**MATERIAL PROVIDED:**
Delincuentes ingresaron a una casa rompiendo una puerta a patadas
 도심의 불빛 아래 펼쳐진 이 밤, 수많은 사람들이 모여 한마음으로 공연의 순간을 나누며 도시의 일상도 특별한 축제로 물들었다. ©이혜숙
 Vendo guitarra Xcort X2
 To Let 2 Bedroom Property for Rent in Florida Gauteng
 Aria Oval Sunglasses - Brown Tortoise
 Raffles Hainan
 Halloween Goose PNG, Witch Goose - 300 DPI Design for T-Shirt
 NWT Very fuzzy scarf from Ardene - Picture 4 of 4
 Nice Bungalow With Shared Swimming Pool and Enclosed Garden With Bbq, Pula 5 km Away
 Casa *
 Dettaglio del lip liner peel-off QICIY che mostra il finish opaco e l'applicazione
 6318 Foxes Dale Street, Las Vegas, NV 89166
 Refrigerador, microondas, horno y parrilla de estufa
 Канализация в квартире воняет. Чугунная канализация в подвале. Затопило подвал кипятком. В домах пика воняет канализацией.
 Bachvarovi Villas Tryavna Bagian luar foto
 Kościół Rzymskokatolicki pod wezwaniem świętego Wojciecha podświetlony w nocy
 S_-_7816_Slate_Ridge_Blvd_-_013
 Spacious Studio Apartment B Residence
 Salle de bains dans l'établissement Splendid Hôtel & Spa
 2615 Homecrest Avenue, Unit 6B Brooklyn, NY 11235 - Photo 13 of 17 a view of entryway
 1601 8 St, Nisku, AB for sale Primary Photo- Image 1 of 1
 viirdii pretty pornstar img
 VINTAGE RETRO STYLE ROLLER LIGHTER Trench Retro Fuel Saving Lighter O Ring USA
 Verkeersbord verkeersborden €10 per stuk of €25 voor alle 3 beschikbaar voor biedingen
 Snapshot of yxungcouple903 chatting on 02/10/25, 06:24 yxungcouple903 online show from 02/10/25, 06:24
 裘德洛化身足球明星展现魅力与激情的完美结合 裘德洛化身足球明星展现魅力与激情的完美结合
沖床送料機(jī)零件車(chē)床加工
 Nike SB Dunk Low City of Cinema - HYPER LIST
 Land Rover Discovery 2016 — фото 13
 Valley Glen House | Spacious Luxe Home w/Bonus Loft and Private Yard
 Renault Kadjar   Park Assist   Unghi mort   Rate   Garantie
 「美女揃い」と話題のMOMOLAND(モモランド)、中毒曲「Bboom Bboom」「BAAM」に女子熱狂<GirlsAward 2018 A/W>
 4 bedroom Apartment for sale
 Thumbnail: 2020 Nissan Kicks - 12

**AIM OF THE EXERCISE:** Find the line with "4 bedroom Apartment for sale" in the listing above, then write out that line and each remaining line exactly, with no other text.

**WRITTEN SOLUTION:**
 4 bedroom Apartment for sale
 Thumbnail: 2020 Nissan Kicks - 12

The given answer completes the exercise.